La plataforma electoral de la socialdemocracia a menudo es útil, y a veces necesario, rematarla con la proclamación de una breve consigna general, un santo y seña de las elecciones, que plantee las cuestiones más fundamentales de la práctica política inmediata, que ofrezca el motivo y material más conveniente y más cercano para desplegar una prédica socialista integral. Para nuestra época, tal santo y seña, tal consigna general, sólo podrían ser los tres puntos siguientes: 1) república, 2) confiscación de toda la tierra de los terratenientes, 3) jornada laboral de 8 horas.
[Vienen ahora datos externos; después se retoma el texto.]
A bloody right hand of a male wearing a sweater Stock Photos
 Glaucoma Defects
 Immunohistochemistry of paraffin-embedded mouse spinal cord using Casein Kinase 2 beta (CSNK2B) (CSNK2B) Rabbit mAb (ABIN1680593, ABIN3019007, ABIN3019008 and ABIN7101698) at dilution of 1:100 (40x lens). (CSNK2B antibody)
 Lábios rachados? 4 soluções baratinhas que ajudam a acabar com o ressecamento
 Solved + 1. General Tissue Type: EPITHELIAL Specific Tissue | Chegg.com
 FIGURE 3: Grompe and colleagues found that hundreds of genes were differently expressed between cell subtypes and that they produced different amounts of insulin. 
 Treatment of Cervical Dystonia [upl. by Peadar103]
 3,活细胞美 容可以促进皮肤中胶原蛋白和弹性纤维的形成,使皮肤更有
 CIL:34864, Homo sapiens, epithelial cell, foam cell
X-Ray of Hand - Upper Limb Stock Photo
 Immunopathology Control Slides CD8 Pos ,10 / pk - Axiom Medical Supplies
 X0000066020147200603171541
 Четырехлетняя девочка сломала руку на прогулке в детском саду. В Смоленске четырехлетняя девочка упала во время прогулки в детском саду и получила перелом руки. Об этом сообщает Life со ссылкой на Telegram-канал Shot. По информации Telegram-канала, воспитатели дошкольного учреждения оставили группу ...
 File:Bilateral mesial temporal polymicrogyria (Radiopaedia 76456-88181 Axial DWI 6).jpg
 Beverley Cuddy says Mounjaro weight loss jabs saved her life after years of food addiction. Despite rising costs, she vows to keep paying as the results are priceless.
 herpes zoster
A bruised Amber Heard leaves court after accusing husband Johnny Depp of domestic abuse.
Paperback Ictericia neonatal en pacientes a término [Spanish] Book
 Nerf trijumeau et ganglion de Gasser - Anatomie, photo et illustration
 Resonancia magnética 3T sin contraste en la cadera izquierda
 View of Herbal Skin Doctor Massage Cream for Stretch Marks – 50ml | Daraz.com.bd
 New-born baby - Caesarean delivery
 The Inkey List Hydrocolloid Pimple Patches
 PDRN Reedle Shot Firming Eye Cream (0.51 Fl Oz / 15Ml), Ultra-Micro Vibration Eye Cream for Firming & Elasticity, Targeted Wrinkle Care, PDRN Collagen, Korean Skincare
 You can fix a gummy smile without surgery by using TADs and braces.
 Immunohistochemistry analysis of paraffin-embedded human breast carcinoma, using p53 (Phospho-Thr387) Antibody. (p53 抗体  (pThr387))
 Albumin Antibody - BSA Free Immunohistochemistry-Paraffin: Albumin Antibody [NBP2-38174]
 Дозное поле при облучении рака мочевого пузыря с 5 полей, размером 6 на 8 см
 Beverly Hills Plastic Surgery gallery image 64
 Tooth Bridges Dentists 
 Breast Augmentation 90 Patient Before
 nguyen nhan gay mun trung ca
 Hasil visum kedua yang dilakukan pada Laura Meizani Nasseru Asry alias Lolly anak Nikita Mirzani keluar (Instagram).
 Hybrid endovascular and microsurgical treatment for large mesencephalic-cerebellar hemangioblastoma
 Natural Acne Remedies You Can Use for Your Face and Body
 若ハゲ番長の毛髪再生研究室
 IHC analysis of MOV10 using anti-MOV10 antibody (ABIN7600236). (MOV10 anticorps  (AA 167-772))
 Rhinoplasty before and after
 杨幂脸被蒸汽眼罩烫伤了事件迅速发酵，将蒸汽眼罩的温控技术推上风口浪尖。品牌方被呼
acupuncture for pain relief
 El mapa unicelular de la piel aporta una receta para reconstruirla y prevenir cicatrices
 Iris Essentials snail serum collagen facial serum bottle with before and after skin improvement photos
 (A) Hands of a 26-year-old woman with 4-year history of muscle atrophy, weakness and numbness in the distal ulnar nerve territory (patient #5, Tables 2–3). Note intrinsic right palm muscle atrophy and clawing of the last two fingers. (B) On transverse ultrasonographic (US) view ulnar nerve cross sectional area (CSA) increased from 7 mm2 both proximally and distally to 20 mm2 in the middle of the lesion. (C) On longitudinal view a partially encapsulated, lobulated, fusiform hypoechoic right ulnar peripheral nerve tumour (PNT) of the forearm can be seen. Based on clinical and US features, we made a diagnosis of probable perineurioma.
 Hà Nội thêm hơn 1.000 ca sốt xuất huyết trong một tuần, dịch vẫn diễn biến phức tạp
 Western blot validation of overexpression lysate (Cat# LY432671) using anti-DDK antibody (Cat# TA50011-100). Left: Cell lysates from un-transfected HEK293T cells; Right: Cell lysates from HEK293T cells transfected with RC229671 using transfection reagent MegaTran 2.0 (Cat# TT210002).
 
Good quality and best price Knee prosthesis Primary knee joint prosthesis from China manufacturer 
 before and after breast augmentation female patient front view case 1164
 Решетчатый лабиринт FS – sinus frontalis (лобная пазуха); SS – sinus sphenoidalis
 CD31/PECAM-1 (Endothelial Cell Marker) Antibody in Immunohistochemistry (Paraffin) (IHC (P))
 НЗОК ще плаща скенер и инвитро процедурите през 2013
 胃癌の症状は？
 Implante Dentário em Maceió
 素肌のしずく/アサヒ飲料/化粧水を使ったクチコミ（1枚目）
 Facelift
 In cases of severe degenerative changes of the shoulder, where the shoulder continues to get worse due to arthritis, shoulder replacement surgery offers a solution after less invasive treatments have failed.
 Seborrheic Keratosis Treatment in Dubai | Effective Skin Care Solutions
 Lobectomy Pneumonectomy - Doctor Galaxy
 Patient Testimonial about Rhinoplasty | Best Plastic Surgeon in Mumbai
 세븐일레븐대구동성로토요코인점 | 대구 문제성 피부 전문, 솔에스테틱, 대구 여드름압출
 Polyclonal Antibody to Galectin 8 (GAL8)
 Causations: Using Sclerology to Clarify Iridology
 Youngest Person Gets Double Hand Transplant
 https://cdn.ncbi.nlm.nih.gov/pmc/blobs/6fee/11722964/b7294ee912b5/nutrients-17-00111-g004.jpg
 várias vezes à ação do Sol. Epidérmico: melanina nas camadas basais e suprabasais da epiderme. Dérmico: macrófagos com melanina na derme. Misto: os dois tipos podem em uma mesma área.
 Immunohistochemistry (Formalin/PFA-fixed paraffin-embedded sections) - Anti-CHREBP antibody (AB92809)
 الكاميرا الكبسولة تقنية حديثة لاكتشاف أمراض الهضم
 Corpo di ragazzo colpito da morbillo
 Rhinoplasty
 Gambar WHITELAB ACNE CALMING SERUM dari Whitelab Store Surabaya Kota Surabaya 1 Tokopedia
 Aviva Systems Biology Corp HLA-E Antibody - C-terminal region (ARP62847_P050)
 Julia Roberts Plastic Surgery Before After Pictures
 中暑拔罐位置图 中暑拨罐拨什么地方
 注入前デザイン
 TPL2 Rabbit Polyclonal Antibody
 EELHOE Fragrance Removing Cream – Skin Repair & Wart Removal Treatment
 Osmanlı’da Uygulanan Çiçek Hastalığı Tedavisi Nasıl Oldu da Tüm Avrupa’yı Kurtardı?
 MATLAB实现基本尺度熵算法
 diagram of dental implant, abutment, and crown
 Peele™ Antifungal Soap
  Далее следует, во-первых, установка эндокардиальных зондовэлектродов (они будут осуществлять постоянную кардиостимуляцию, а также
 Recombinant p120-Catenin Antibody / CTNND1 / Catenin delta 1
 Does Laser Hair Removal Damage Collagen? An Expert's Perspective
El primer punto contiene la quintaesencia de las reivindicaciones de libertad política. Limitarnos a este último término para expresar nuestra posición partidaria sobre cuestiones de este tipo, o a algún otro, como "democratizaciones", etc., sería incorrecto por la razón de que debemos tomar en cuenta en la propaganda y la agitación la experiencia de la Revolución. La disolución de dos Dumas, la organización de pogromos, el apoyo a las bandas de los centurias negras y el indulto de sus héroes, las "hazañas liajovianas" en Persia{137}, el golpe de Estado del 3 de junio, una serie de subsiguientes "pequeños coups d'état" sobre este terreno (el artículo 87, etc.): tal es una lista nada completa de las acciones de nuestra monarquía de Románov - Purishkévich - Stolypin y Cía. Puede haber y ha habido condiciones históricas en que la monarquía resultó capaz de cohabitar con serias reformas democráticas como, por ejemplo, el sufragio universal. La monarquía no es, en general, una institución uniforme e invariable, sino muy flexible y capaz de adaptarse a las diferentes relaciones de clase de dominación. Pero sacar de estas consideraciones abstractas indiscutibles conclusiones sobre la monarquía rusa concreta del siglo XX significa burlarse de las exigencias de la crítica histórica y traicionar la causa de la democracia.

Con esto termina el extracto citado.